IBGC em Foco: Confiança é uma palavra mais comum de ser ouvido quando se fala de governança corporativa. Agora, você também fala em colaboração. Como deve funcionar a questão da colaboração?
Luiz Carlos Cabrera: Nós escolhemos um elenco de estrelas [para um board]. Pusemos todos eles sentados sobre a coordenação de um presidente do conselho e, agora, eles precisam apreender a trabalhar como um time. O que significa que eles precisam ter um intenso nível de colaboração entre eles. E a colaboração tem alguns pré-requisitos. Um deles é que as pessoas precisam comungar os mesmos valores. O segundo, é que o processo tem que ser ético. O terceiro, é que é necessários ficar claro o que é o bem comum. O contrário do bem comum nas empresas é deixar que os interesses pessoais prevaleçam. Ou seja, trabalhar com valores comungados, dentro de um plano ético, dentro da política do bem. O que é a política do bem? É a política da formação de alianças e parcerias. Quando você tem todos esses fatores, você tem o efeito de colaboração, que como a estrutura da palavra aponta, é colaborar numa ação.
IBGC em Foco: Você também defende que é necessário manter a cerimônia entre os colaboradores e os conselheiros. Como isso se daria?
Luiz Carlos Cabrera: Respeito individual. A cerimônia precisa existir entre amigos, entre casais, entre conselheiros. Um conselheiro perde a cerimônia com o outro quando ele cutuca nos pontos que ele sabe que incomoda o outro. Um casal perde a cerimônia quando no meio de uma discussão, ele ou ela diz o que incomoda o outro. Ou seja, rompe o protocolo de cerimônia. Cerimônia não é distância, não é frescura, não é excesso de protocolo. É respeito ao individuo.
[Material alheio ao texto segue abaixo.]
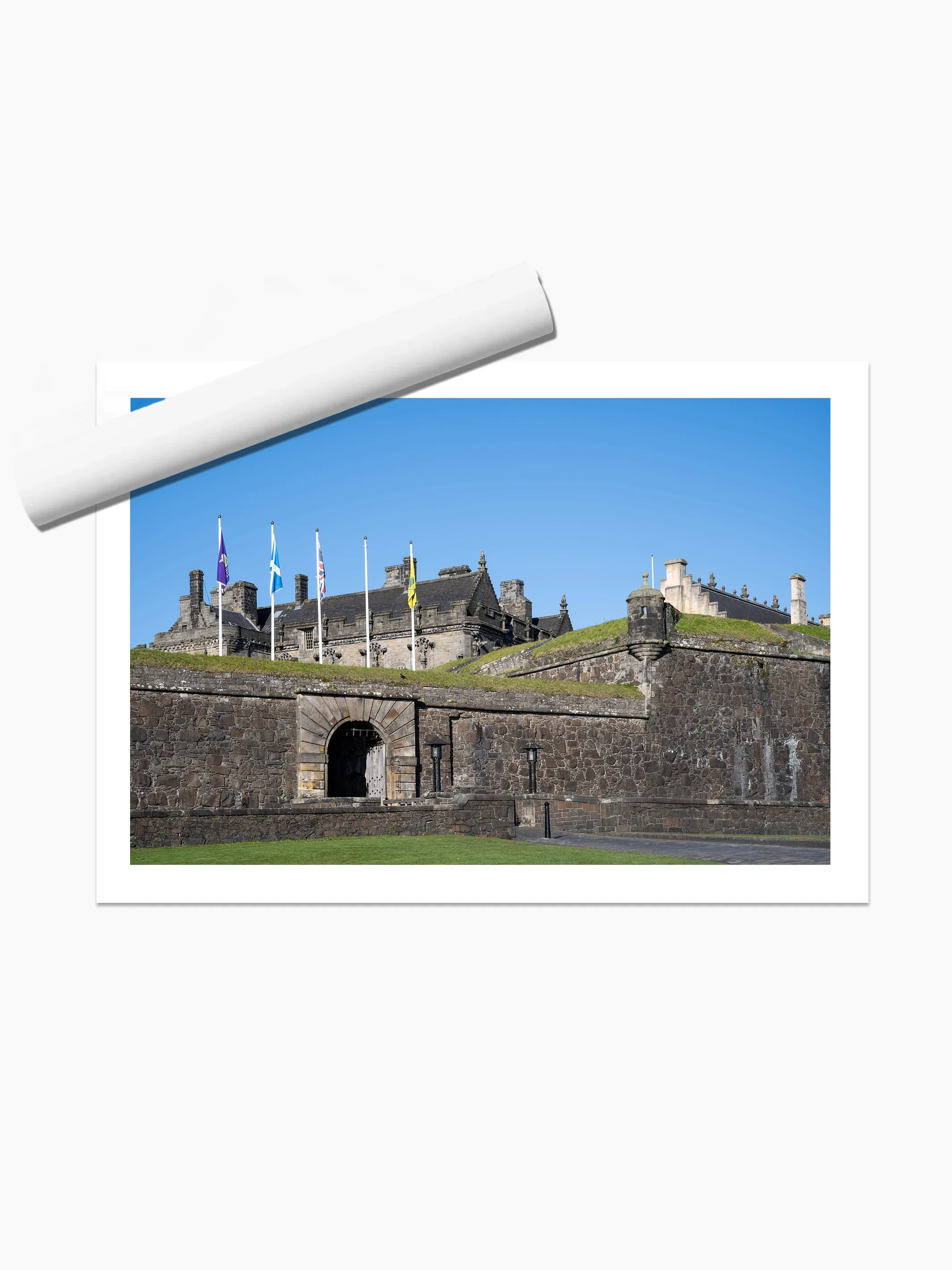 print template copy.webp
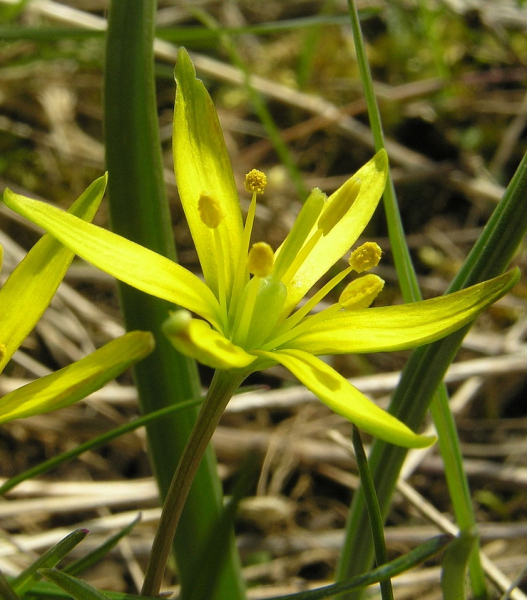 Pflanzenbild gross Wiesen-Gelbstern - Gagea pratensis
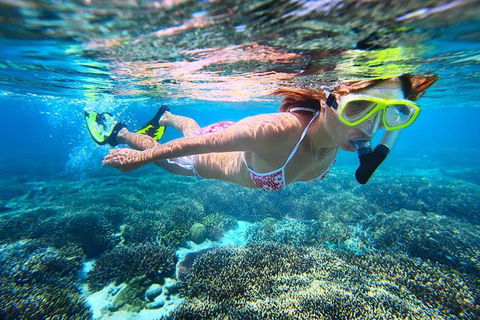 Abrolhos Islands Scenic Flight & Snorkel Adventure From Perth - Accommodation Kalgoorlie 2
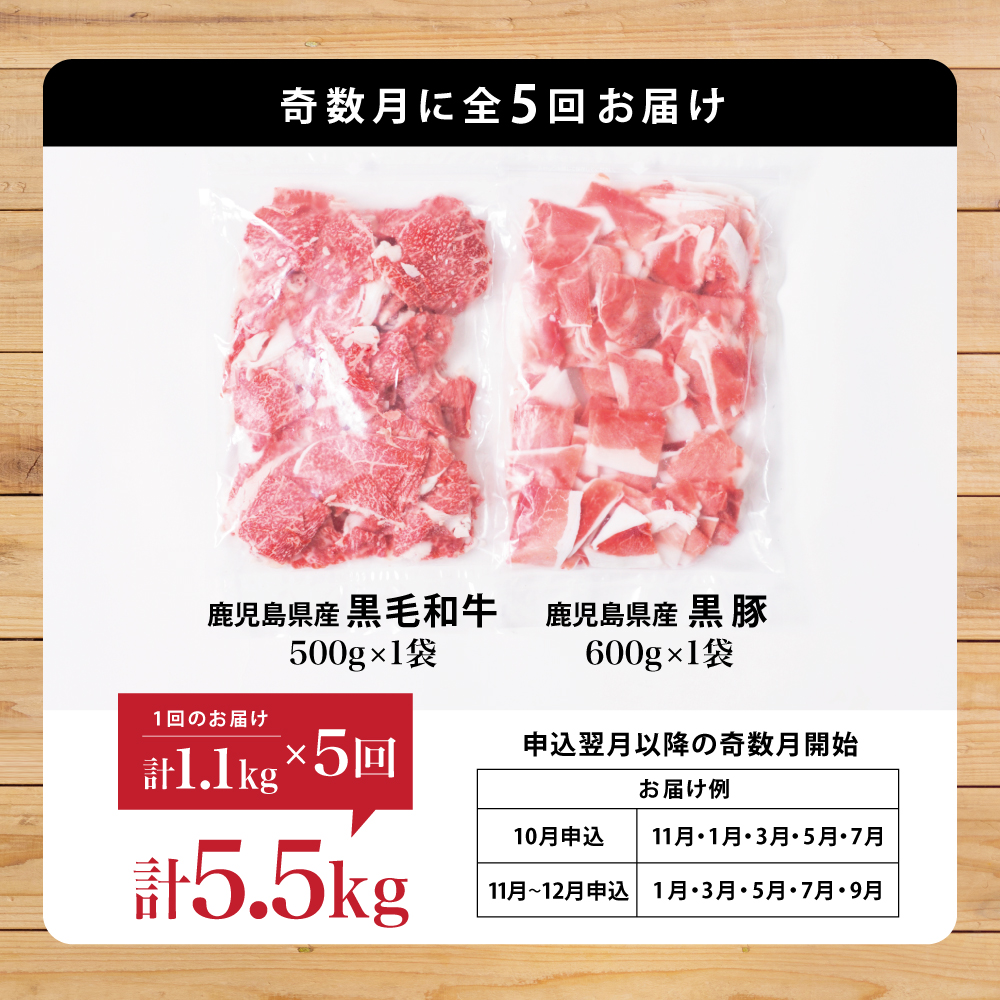 【鹿児島県産】黒毛和牛＆黒豚 切落し 定期便（全5回）牛丼 肉じゃが カレー 炒め物 国産 お肉 定期便 冷凍 小分け 和牛もも肉 スターゼン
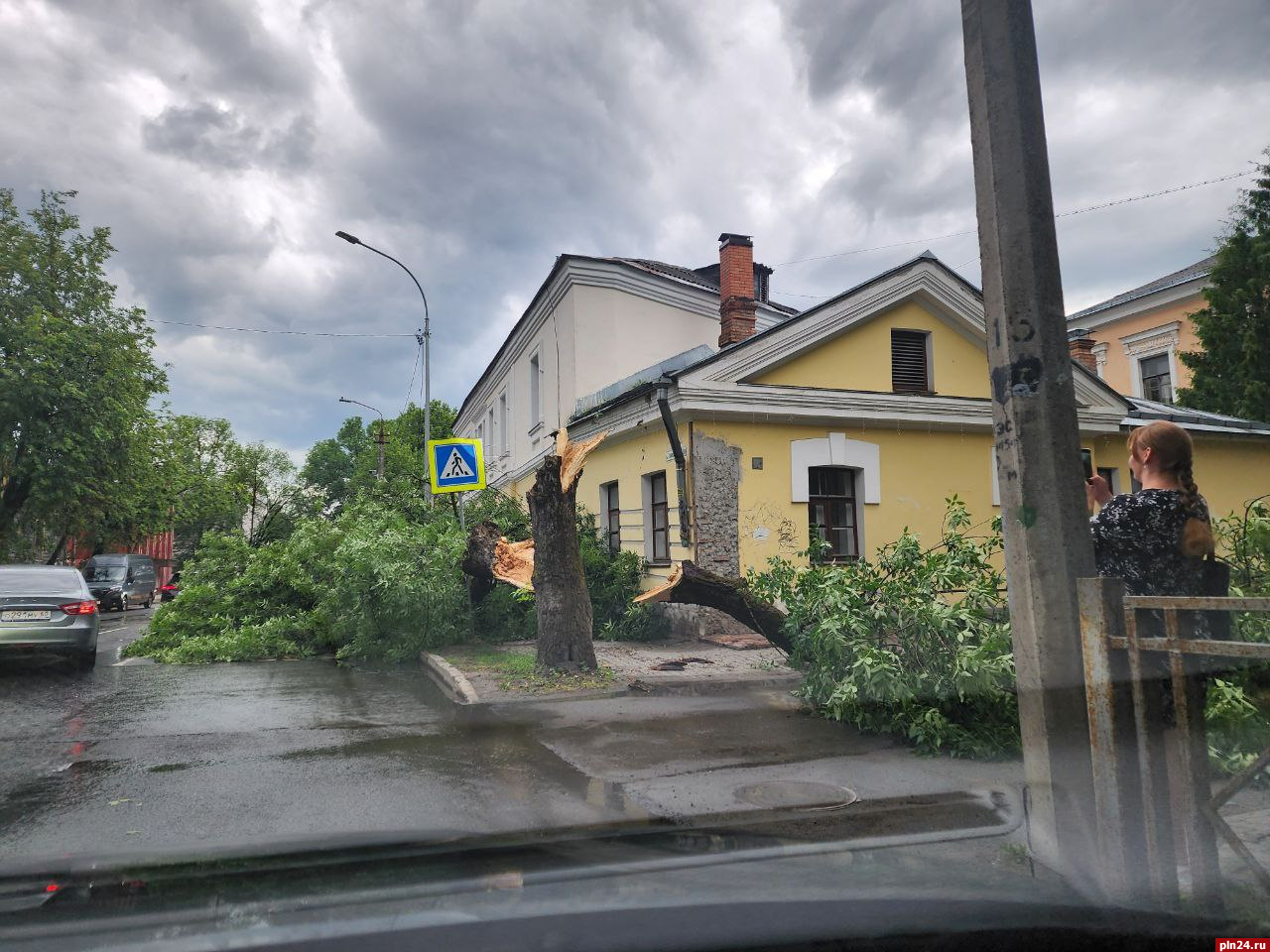 Дерево рухнуло на тротуар на улице Советской в Пскове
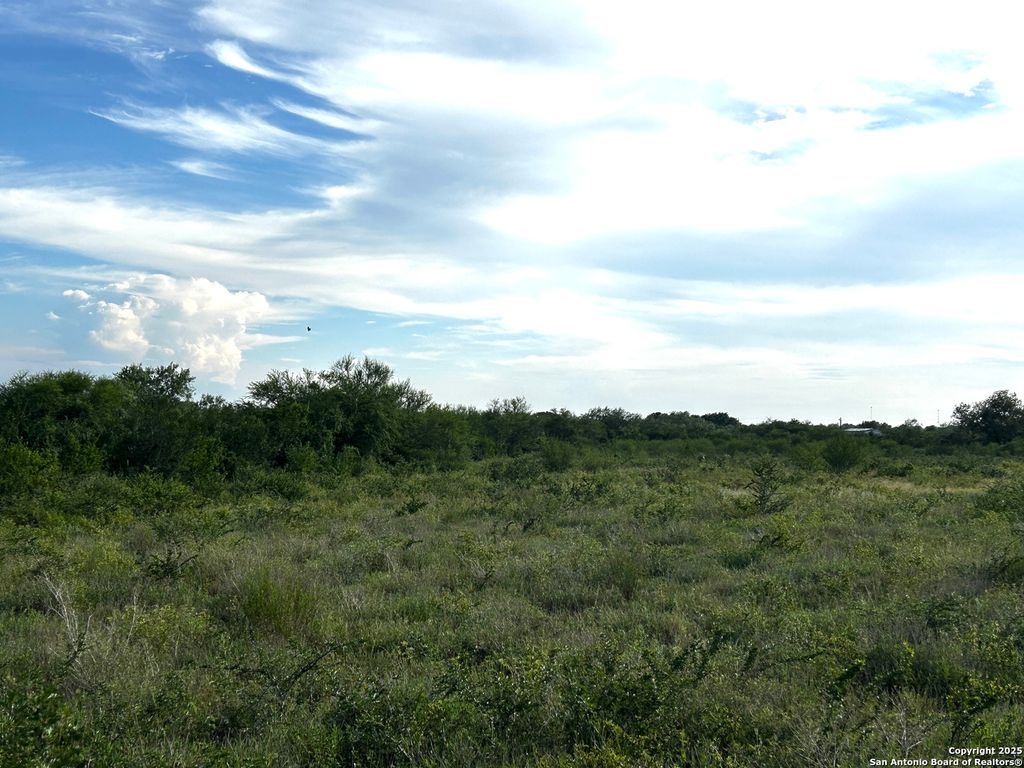 TBD Hackberry Dr (TR 56 Oak Motts Est), Beeville, TX 78102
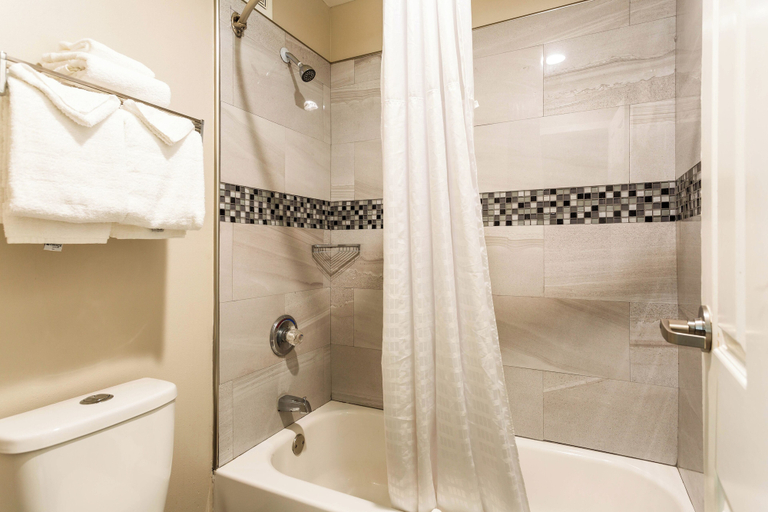 Bathroom 4, Econo Lodge  Inn & Suites, Rutherford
IBGC em Foco:Quais devem ser os propósitos de alguém que quer ser conselheiro?
Luiz Carlos Cabrera: Isso eu não falo nesse módulo do curso, mas no workshop para conselheiros. Mas isso é importante. É preciso que o sujeito tenha a plena noção de qual é a contribuição ao conselho. Por que ele escolheu ser conselheiro? As pessoas dizem que querem ajudar as empresas, "fazer a diferença", deixar um legado. Mas ele precisa ter um propósito claro. Qual desses é o seu propósito? O que pretende fazer como conselheiro? Eu aceito o sujeito que me diga o seguinte: "Eu quero ser conselheiro porque eu não tenho um bom plano de previdência, e não poupei e nessa última fase de carreira eu quero ganhar dinheiro". É o mundo real. Desde que ele coloque isso com clareza. Mas tem um cinismo que impede que as pessoas falem do dinheiro. Já que não quer falar do dinheiro, tem que falar do seu propósito. Qual a contribuição que você traz? O que você põe na mesa que pode ajudar uma empresa? O que você quer deixar como legado? Você quer deixar como legado que você ajudou numa transformação, que ajudou no crescimento, numa revolução, numa evolução? Mas o que eu peço é que as pessoas saibam o que elas estão oferecendo, o que elas estão seguindo. Se não elas entram num esquema "faz tudo", que é terrível.